__WHAT TO PRODUCE__: Once you find the line with "Аэрогриль Sonifer SF-1047, 2000" in the listing below, set down exactly every line from it through the line with "Modern Recliner Chair", but no pictures.

__DATA RECORDS__:
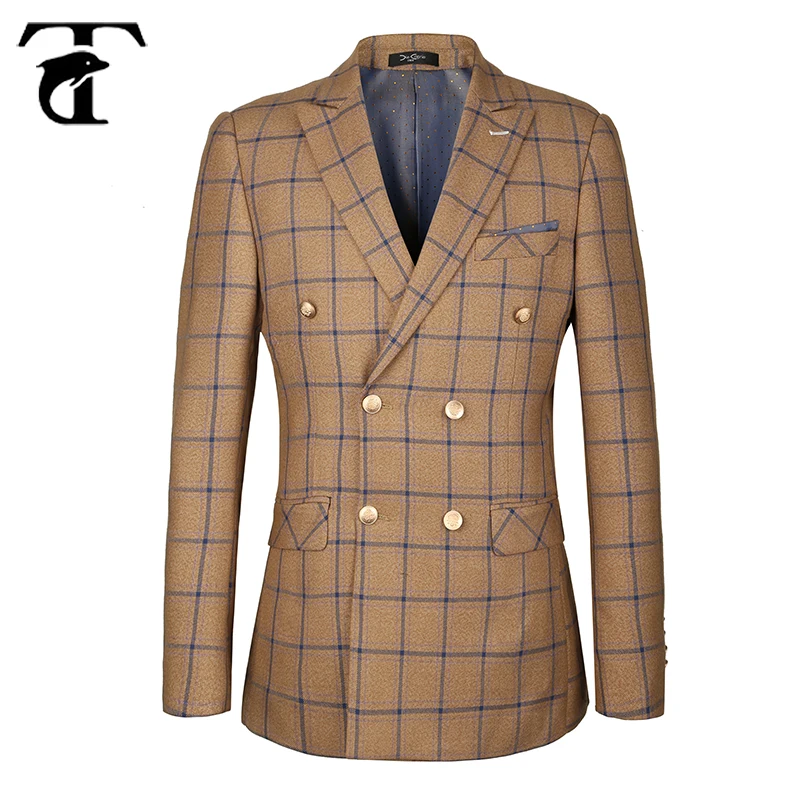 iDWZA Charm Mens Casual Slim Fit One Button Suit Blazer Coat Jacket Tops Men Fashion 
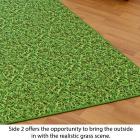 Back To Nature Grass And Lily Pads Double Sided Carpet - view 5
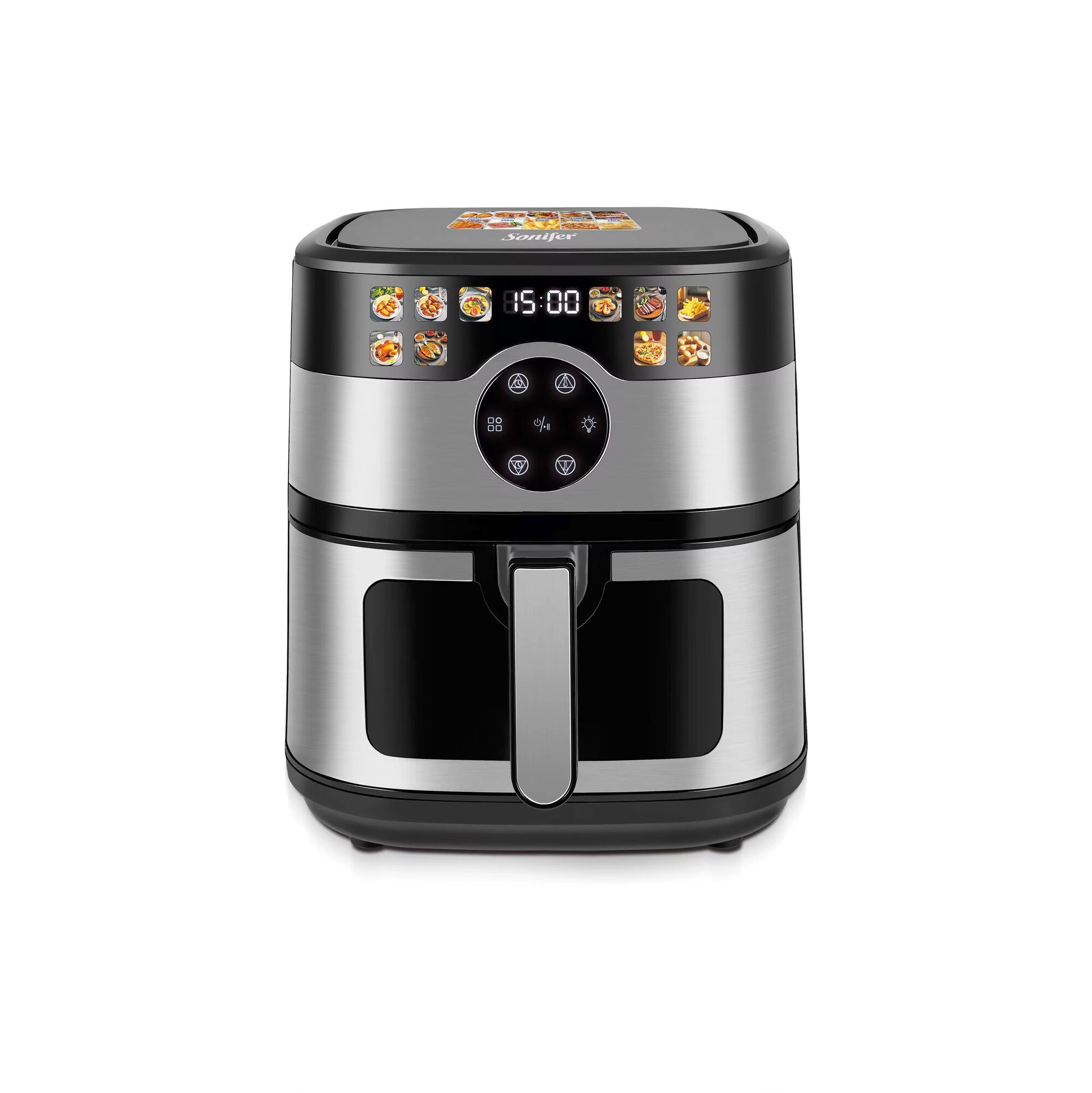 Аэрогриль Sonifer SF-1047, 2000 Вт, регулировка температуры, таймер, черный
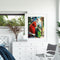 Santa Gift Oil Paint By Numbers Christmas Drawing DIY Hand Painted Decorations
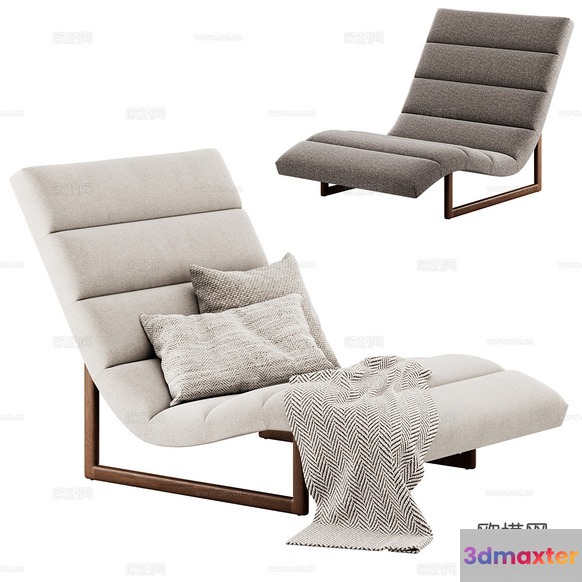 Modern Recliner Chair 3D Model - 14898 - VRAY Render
...
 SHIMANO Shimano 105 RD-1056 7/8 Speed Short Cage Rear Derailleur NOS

__OUTPUT OF THE TASK__:
 Аэрогриль Sonifer SF-1047, 2000 Вт, регулировка температуры, таймер, черный
 Santa Gift Oil Paint By Numbers Christmas Drawing DIY Hand Painted Decorations
 Modern Recliner Chair 3D Model - 14898 - VRAY Render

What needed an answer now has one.